Остановимся на том, что постоянно в нашем отечестве, а что характерно именно для нынешних политических преследований.

Первое относится к тому, кого и за что сажают в наше время и какова позиция властей в этом вопросе. Пожалуй, и в советское время, и сейчас в списке признаваемых политзаключёнными представлен достаточно широкий спектр лиц и общественных направлений, не вписывающихся в мейнстрим. Конечно, теперь отсутствуют политические (в прямом смысле слова) статьи Уголовного кодекса, хотя большинство их преобразовано в «антигосударственные» и так или иначе связанные с действиями обвиняемых, а не их мнением по вопросам политики и идеологии государства.

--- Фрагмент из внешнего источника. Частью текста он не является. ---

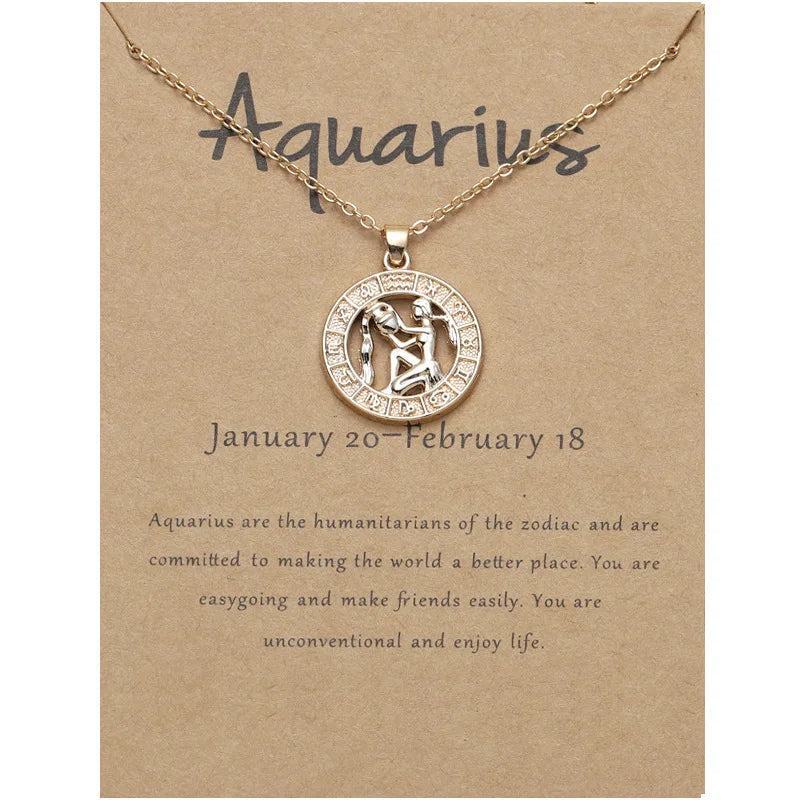 Newest 12 Zodiac Necklace Round Animal Pendant Charm Jewelry Rose Gold Plated Zodiac Signs Necklace for Women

Но в уголовном и административном праве остаётся ряд рудиментов (и число их растёт год от года), относящихся к деяниям, предшествующим и могущим привести, с точки зрения органов власти, к «общеуголовным преступлениям». Это создаёт широкую «серую» зону правоприменения, где можно найти всё: от полностью или частично сфальсифицированных дел террористической направленности, включая создание преступных сообществ и распространения «подрывных» материалов (сведений), до почти безбрежной экстремистской деятельности лиц и организаций, не только не причастных к насилию, но которых даже трудно уличить в разжигании ненависти или вражды по тем или иным квалифицирующим признакам. Если в советское время диапазон обвинений концентрировался на антисоветчине в узком или широком смысле слова, то сейчас он настолько широк и размыт законодательно, что даёт возможность, возбудить преследование почти по любому из упомянутых в законе признаков и связанному с ними поводу.

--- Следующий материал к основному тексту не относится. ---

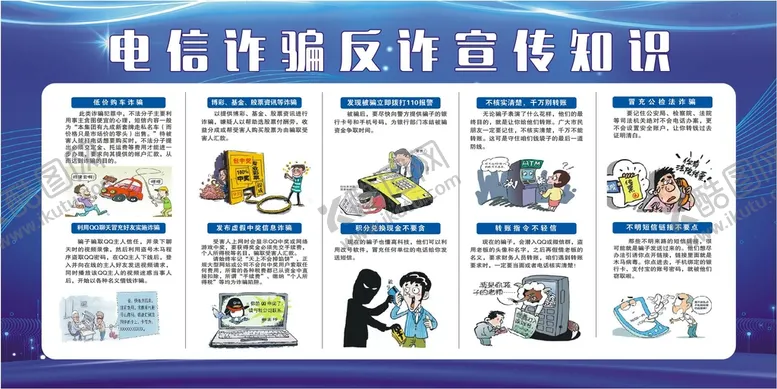 编号：12485709220604349132【酷图网】源文件下载-防诈骗展板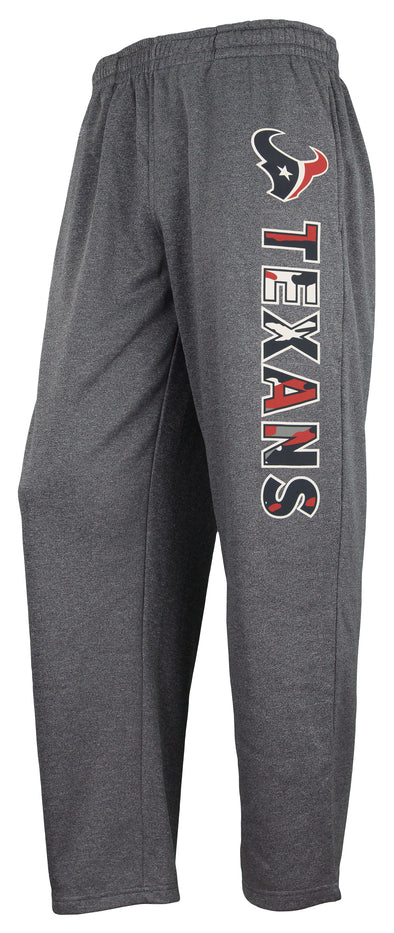 Zubaz NFL Men's Houston Texans Poly Fleece Dark Heather Gray Sweatpants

Поскольку за последние 25 лет разнообразие проявлений свободы слова, собраний и ассоциаций заметно возросло, то ведомственной инициативы снизу в появлении политически мотивированных дел больше, чем прямых указаний из Кремля посадить такого-то во что бы то ни стало. (Для этого достаточно правовой неопределённости принимаемых всё чаще «резиновых» норм, соответствующих федеральных и региональных законов на общем фоне борьбы со всем плохим в защиту всего хорошего…)

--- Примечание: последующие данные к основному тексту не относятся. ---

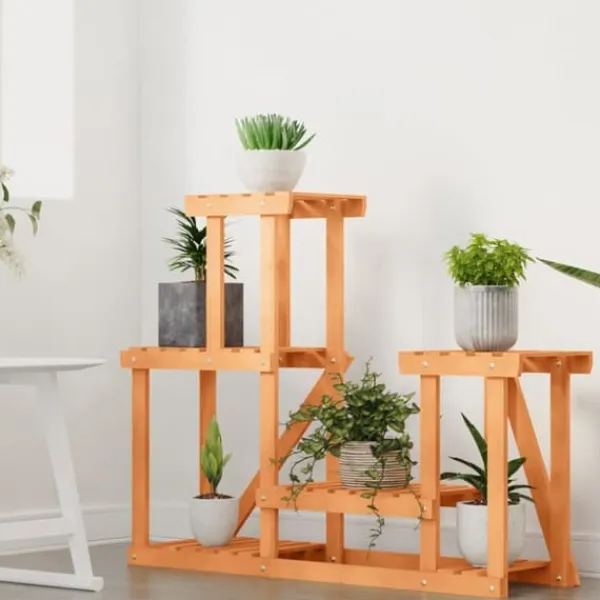 The Living Store Växtställ 90x25x73,5 cm massivt granträ - Växtställ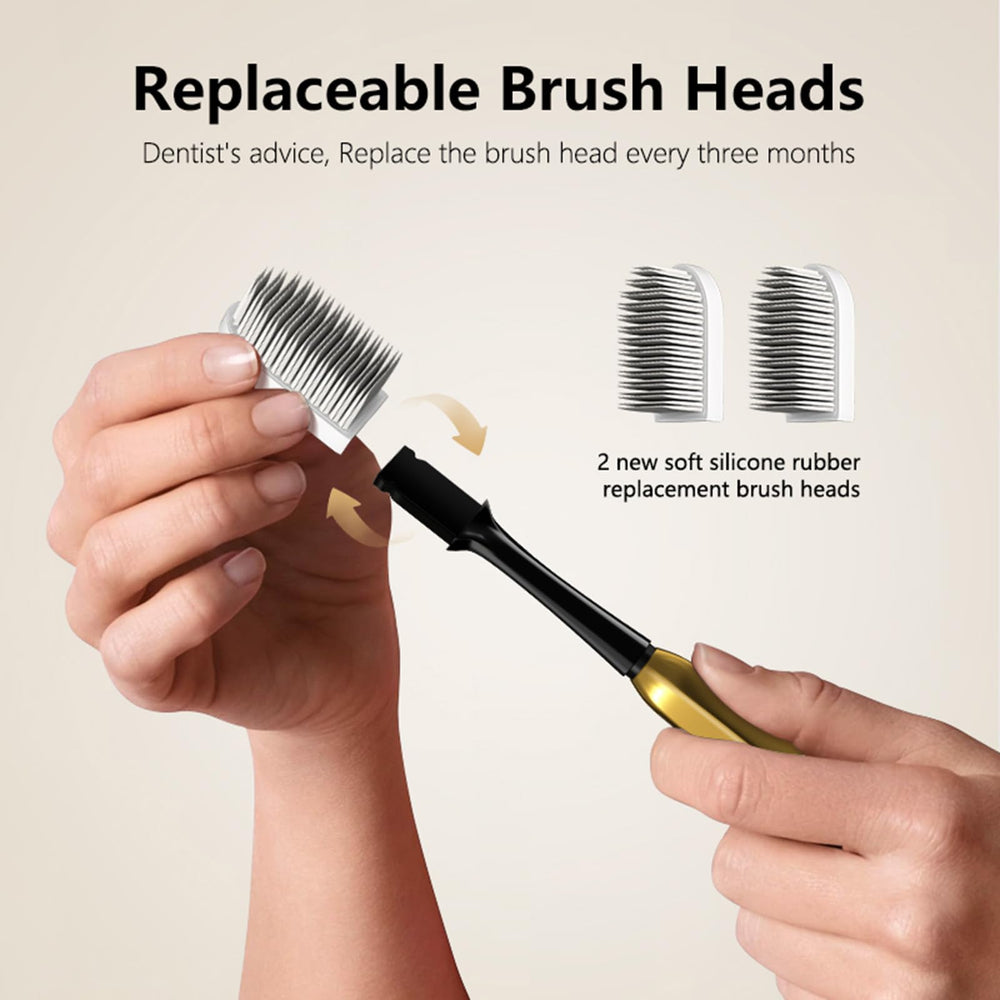Close-up of gold-plated finish on toothbrush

Получается, суть вопроса не в политических статьях Уголовного кодекса и специфическом внимании силовых органов к одним и тем же «несогласным» людям и группам. Особенность нынешних политически окрашенных преследований в том, что проводящие их стараются максимально откреститься от относящейся к их собственным интересам мотивации как бы законных действий.

Во многом им удобнее связать фигурантов «политических» дел с преступными явлениями типа террористических актов, сопротивления законным действиям полиции, а то и экономических, коррупционных, должностных правонарушений. Причём не всех подряд, а избирательно, в первую очередь в отношении не угодных по разным причинам людей, включая и должностных лиц. Заведомо числя таких людей преступившими божеские и человеческие законы, сформулированные в интересах большинства.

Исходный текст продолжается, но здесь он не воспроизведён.